Crawled caption data
****************
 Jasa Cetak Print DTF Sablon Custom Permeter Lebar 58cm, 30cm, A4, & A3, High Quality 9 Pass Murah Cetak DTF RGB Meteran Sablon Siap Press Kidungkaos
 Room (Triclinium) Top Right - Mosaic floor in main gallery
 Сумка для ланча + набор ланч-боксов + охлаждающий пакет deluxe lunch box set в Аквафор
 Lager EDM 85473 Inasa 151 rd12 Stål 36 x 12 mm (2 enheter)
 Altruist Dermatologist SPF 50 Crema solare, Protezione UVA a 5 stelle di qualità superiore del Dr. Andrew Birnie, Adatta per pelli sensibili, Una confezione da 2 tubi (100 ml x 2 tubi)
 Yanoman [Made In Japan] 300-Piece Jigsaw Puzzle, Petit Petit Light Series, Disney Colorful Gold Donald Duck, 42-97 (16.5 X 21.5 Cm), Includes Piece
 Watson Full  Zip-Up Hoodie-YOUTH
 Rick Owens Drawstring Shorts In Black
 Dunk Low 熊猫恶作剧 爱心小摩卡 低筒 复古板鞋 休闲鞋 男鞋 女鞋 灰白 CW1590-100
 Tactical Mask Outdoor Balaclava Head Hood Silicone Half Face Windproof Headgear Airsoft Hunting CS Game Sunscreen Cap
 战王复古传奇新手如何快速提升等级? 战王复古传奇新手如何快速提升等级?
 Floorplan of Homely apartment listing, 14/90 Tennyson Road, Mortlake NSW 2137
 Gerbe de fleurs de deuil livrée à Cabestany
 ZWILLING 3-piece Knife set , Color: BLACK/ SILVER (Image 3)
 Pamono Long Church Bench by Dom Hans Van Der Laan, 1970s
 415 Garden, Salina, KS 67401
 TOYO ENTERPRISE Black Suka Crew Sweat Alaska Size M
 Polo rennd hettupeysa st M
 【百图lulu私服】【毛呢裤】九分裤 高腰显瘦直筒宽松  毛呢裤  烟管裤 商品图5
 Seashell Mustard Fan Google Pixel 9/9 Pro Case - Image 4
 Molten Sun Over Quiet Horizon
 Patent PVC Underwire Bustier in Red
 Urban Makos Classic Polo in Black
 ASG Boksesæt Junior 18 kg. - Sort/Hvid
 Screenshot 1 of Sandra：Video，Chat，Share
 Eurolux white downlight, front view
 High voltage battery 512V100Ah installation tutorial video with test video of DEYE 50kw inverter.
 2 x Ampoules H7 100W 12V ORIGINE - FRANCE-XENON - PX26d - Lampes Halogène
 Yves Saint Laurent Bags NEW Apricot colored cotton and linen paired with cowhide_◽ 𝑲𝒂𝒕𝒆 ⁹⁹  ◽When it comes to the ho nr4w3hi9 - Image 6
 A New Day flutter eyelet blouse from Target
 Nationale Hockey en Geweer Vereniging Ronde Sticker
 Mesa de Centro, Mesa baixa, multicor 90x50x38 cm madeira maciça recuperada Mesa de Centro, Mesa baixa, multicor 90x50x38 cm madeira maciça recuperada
****************
- [What to work on] Pull out every line above that holds the word "Polo".

- [Answer box]
 Polo rennd hettupeysa st M
 Urban Makos Classic Polo in Black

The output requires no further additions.